*** Opening of Supplied data ***

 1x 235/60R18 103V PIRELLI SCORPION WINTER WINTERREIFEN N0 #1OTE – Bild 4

*** Close of Supplied data ***
*** Opening of Supplied data ***

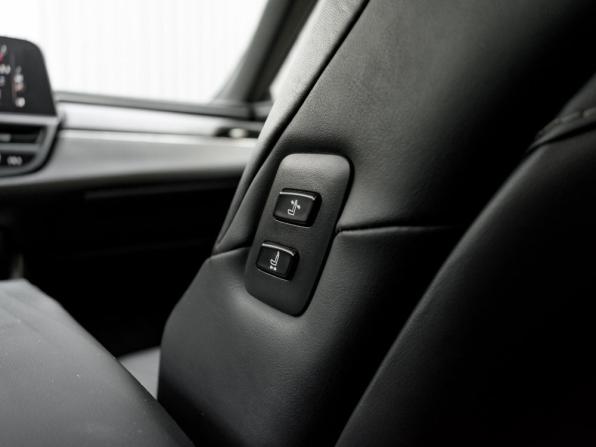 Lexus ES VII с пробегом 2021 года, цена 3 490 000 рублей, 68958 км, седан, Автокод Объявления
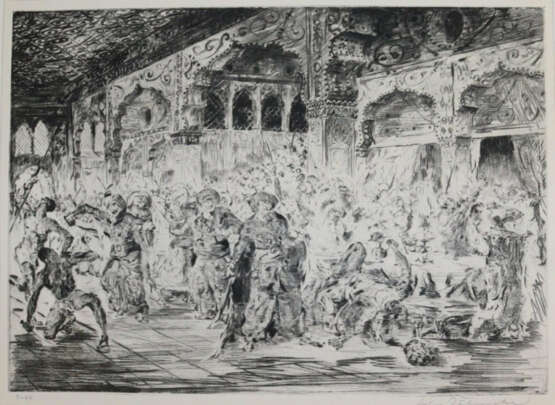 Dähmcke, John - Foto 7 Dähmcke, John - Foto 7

*** Close of Supplied data ***

### Exercise
All that is wanted is the lines above between the one containing "Lexus ES VII" and the one containing "Dähmcke, John - Foto 7 Dähmcke, John", inclusive, restated word for word, with pictures omitted.

### Answer for this exercise
 Lexus ES VII с пробегом 2021 года, цена 3 490 000 рублей, 68958 км, седан, Автокод Объявления
 Dähmcke, John - Foto 7 Dähmcke, John - Foto 7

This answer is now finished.